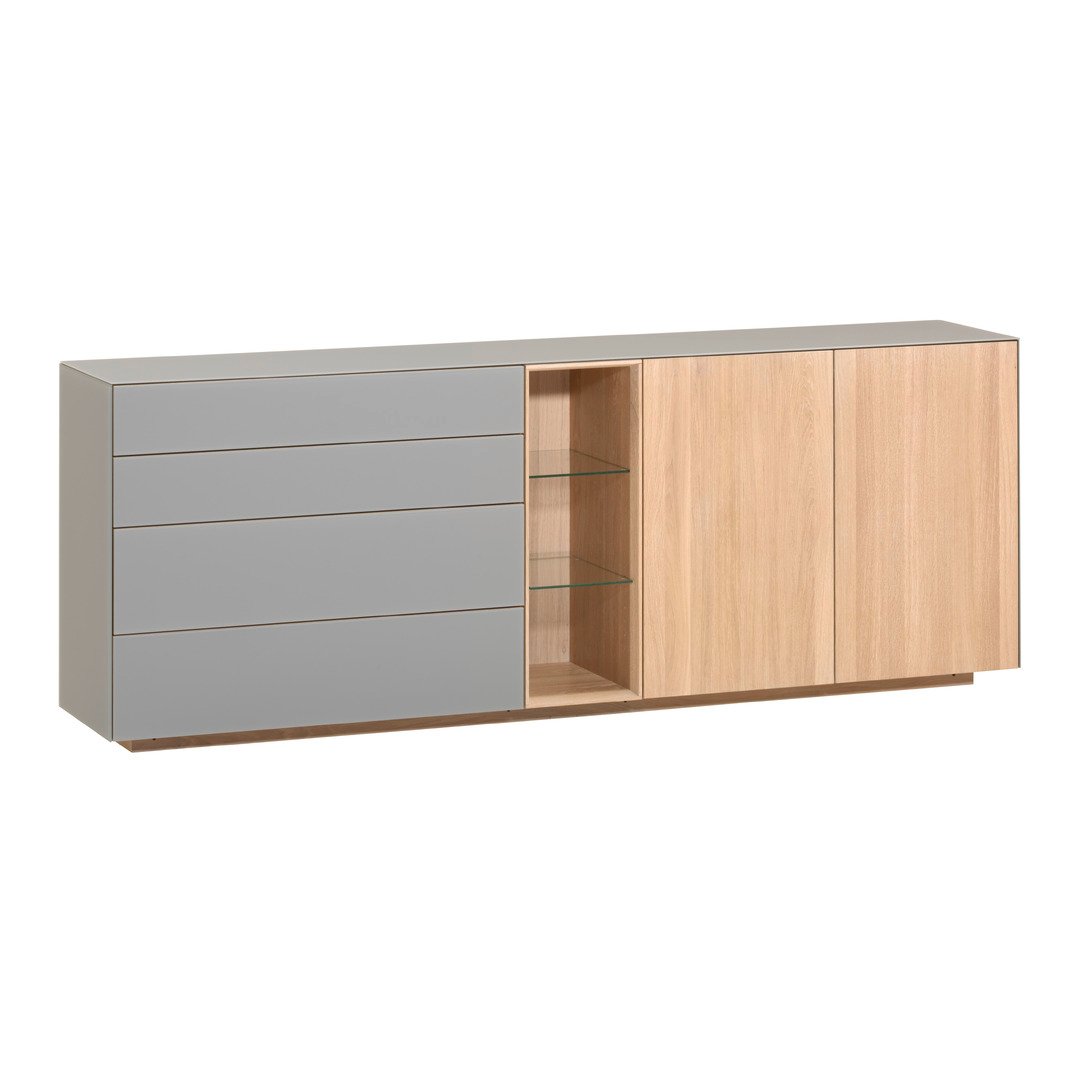 Sideboard Cubus Pure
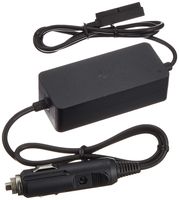 DJI Mavic AIR Part 4 Car Charger - Black - CP.PT.00000120.01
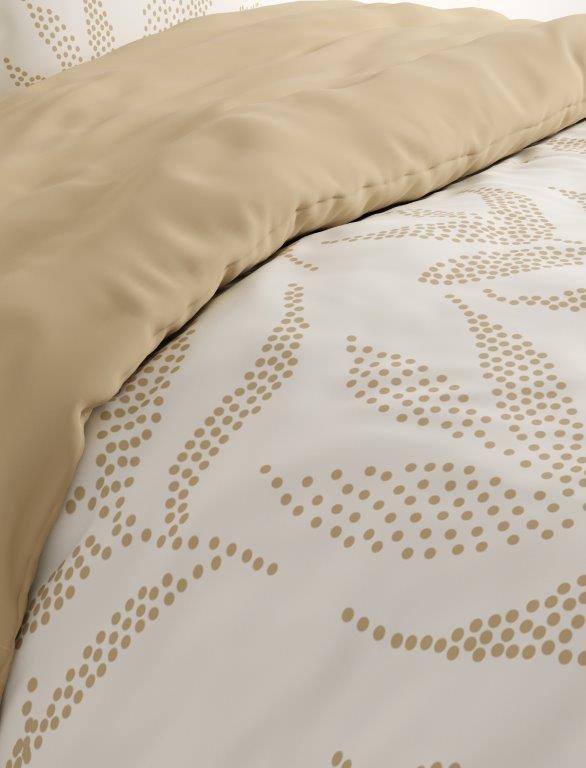 סט מצעים 100% כותנה דגם- שומרונית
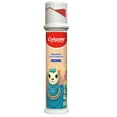 thumbnail image 1 of Colgate Kids Llama Maximum Cavity Protection Mild Bubble Fruit Toothpaste 4.4 Ounces Enamel Safe Gluten-Free Clinically Proven to Fight Cavities and Keep Fresh Breath Ages 2 and Up, 1 of 6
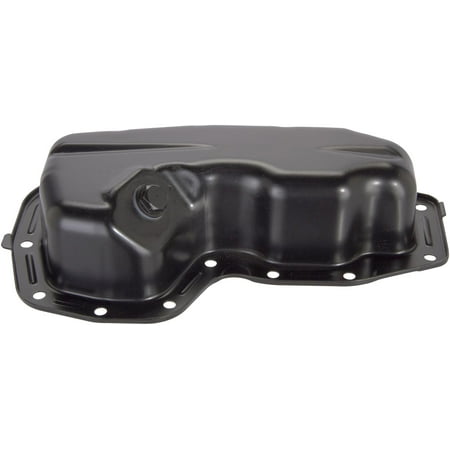 Spectra Premium CRP52A Steel Engine Oil Pan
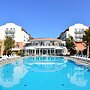 The Monarch Hotel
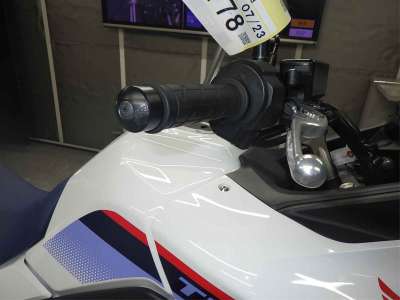 Honda Transalp 750 2023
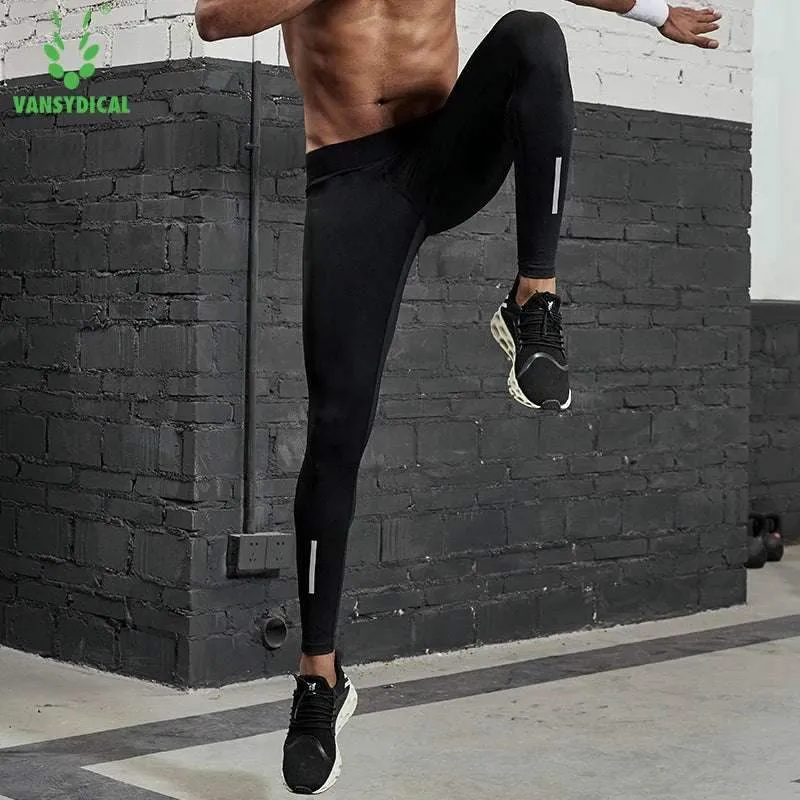 CompFit Tights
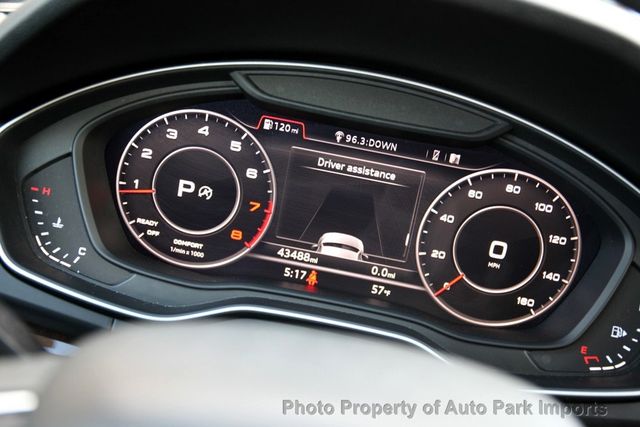 2018 Audi Q5 2.0 TFSI Premium Plus - 22769781 - 55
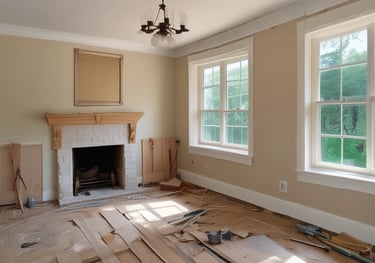 white concrete building during daytime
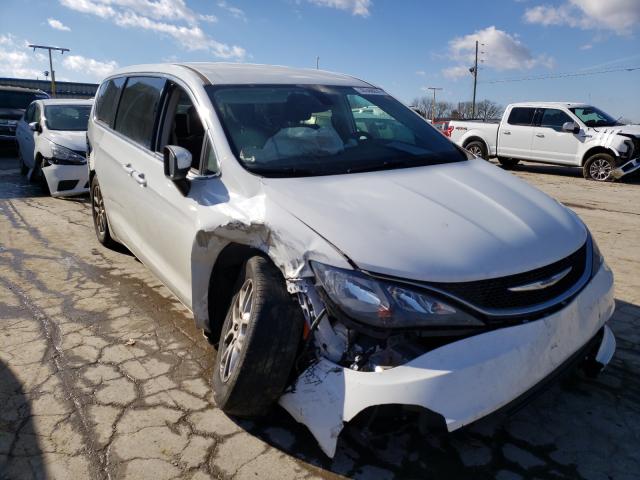 Photo 0 VIN: 2C4RC1CG4HR565849 - CHRYSLER PACIFICA L 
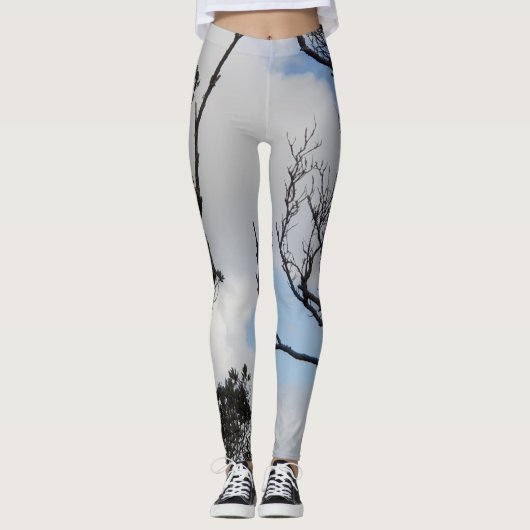 Leggings (Vorderseite)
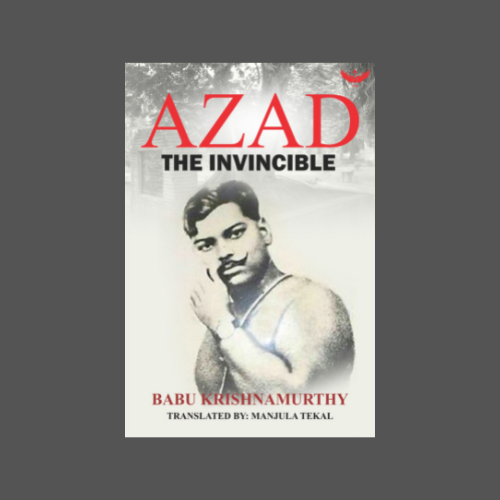 ‘Azad: The Invincible’ is a slice of history told in an anecdotal form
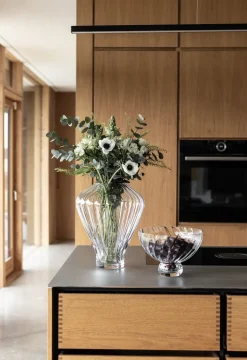 Evelyn Vase - Clear Large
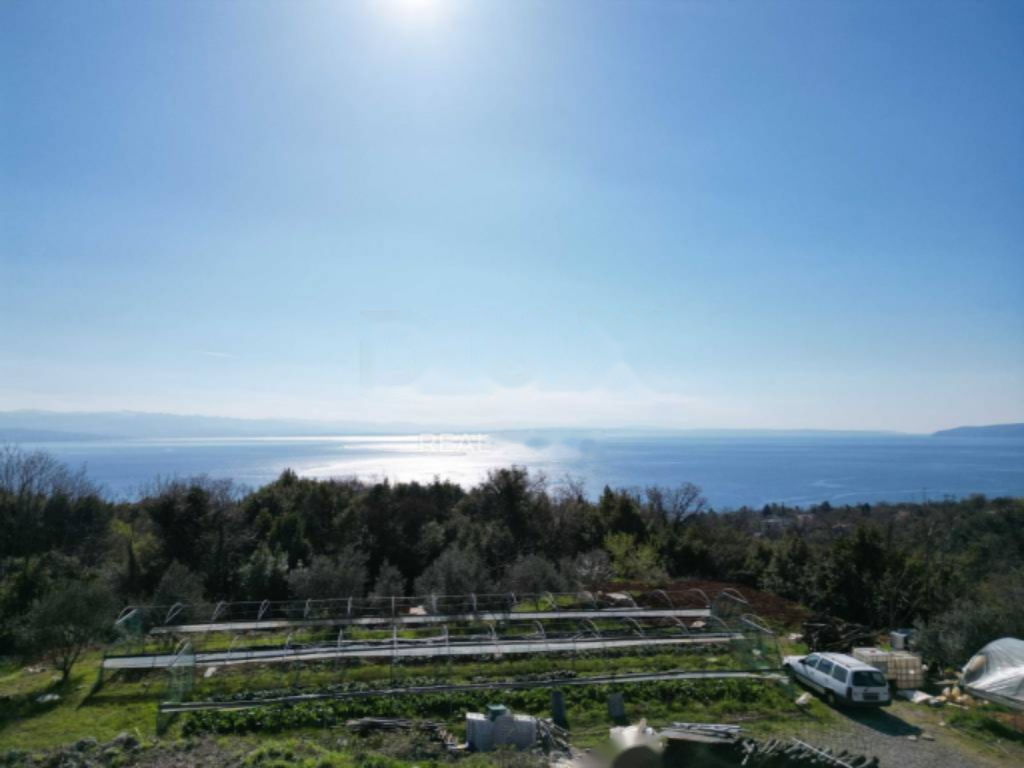 Casa a Opatija, Croazia, 1 123 m² - foto 2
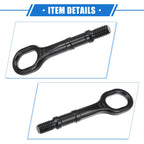 Tow Hook for Volkswagen Golf (2006–2014)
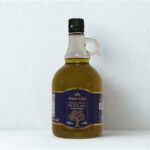 MARMIA EXTRA VIRGIN OLIVE OIL GALLON GLASS 500 ML X 12 210064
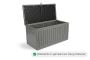 Tuin opbergbox grijs - 909 Outdoor thumbnail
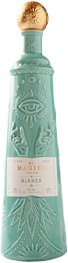 El Magico Blanco Tequila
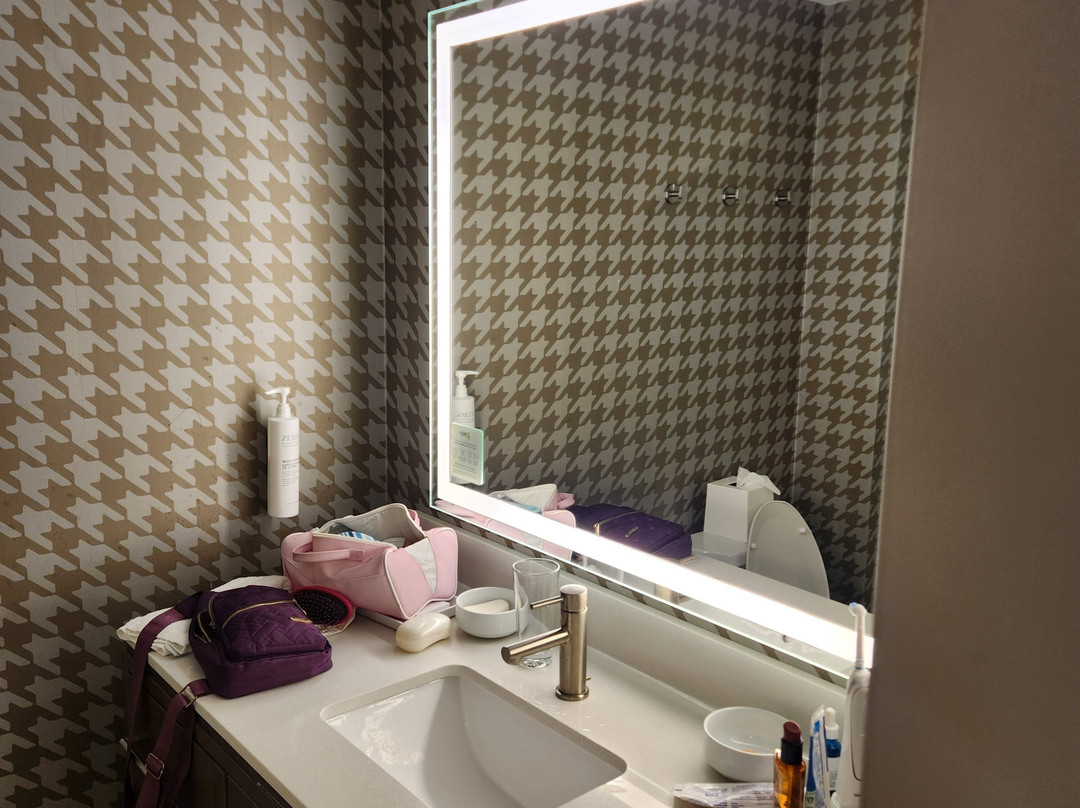 Home2 Suites By Hilton Orlando Flamingo Crossings主图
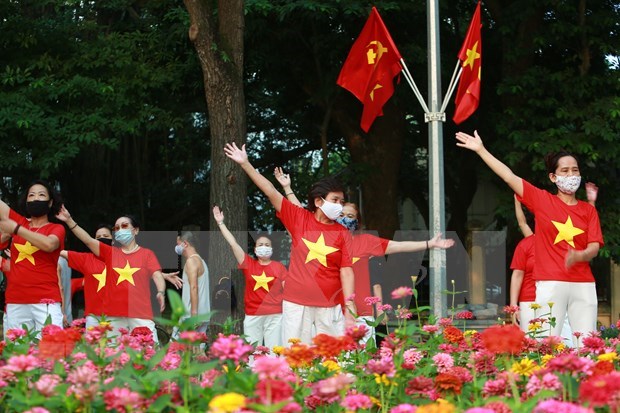 Вьетнам - восходящая звезда мировои экономики в периоде после COVID-19 hinh anh 1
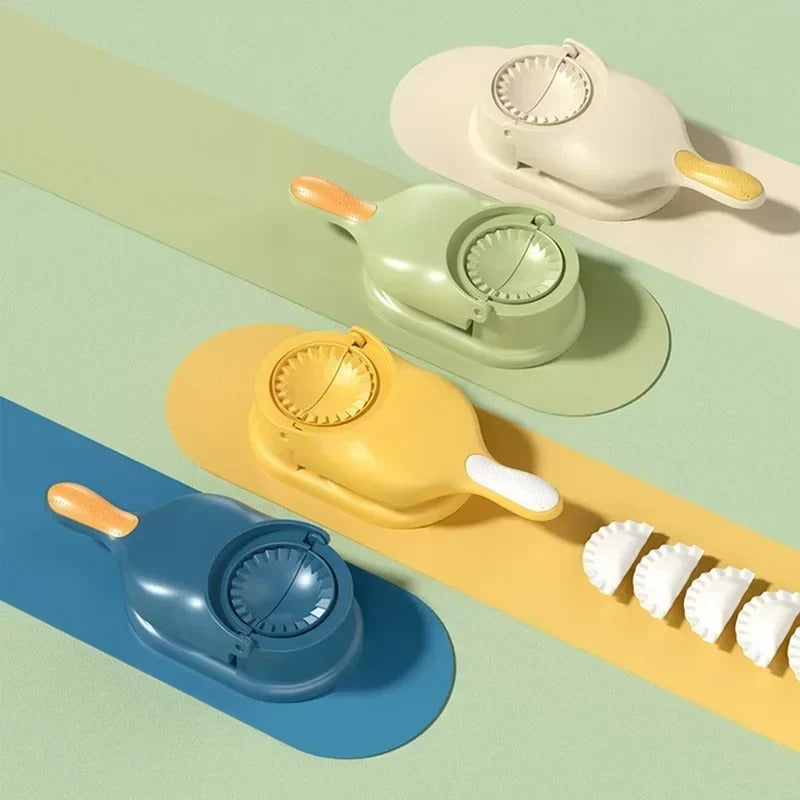 Dumpling & Samosa Maker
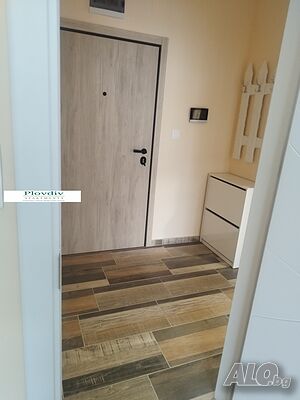 Дава под Наем 2-СТАЕН в град Пловдив, Център - 65 кв.м 500 евро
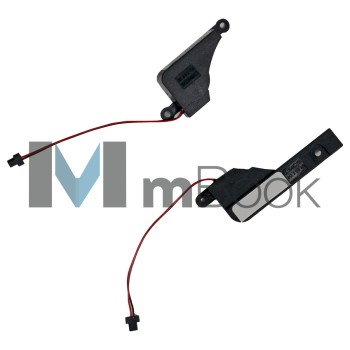 Par de Alto-Falantes Speaker Compatível Com EMachines E443,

===============

### How to complete this task
Every record above needs to be repeated exactly; pictures are to be left out.

### Solved exercise
 Sideboard Cubus Pure
 DJI Mavic AIR Part 4 Car Charger - Black - CP.PT.00000120.01
 סט מצעים 100% כותנה דגם- שומרונית
 thumbnail image 1 of Colgate Kids Llama Maximum Cavity Protection Mild Bubble Fruit Toothpaste 4.4 Ounces Enamel Safe Gluten-Free Clinically Proven to Fight Cavities and Keep Fresh Breath Ages 2 and Up, 1 of 6
 Spectra Premium CRP52A Steel Engine Oil Pan
 The Monarch Hotel
 Honda Transalp 750 2023
 CompFit Tights
 2018 Audi Q5 2.0 TFSI Premium Plus - 22769781 - 55
 white concrete building during daytime
 Photo 0 VIN: 2C4RC1CG4HR565849 - CHRYSLER PACIFICA L 
 Leggings (Vorderseite)
 ‘Azad: The Invincible’ is a slice of history told in an anecdotal form
 Evelyn Vase - Clear Large
 Casa a Opatija, Croazia, 1 123 m² - foto 2
 Tow Hook for Volkswagen Golf (2006–2014)
 MARMIA EXTRA VIRGIN OLIVE OIL GALLON GLASS 500 ML X 12 210064
 Tuin opbergbox grijs - 909 Outdoor thumbnail
 El Magico Blanco Tequila
 Home2 Suites By Hilton Orlando Flamingo Crossings主图
 Вьетнам - восходящая звезда мировои экономики в периоде после COVID-19 hinh anh 1
 Dumpling & Samosa Maker
 Дава под Наем 2-СТАЕН в град Пловдив, Център - 65 кв.м 500 евро
 Par de Alto-Falantes Speaker Compatível Com EMachines E443,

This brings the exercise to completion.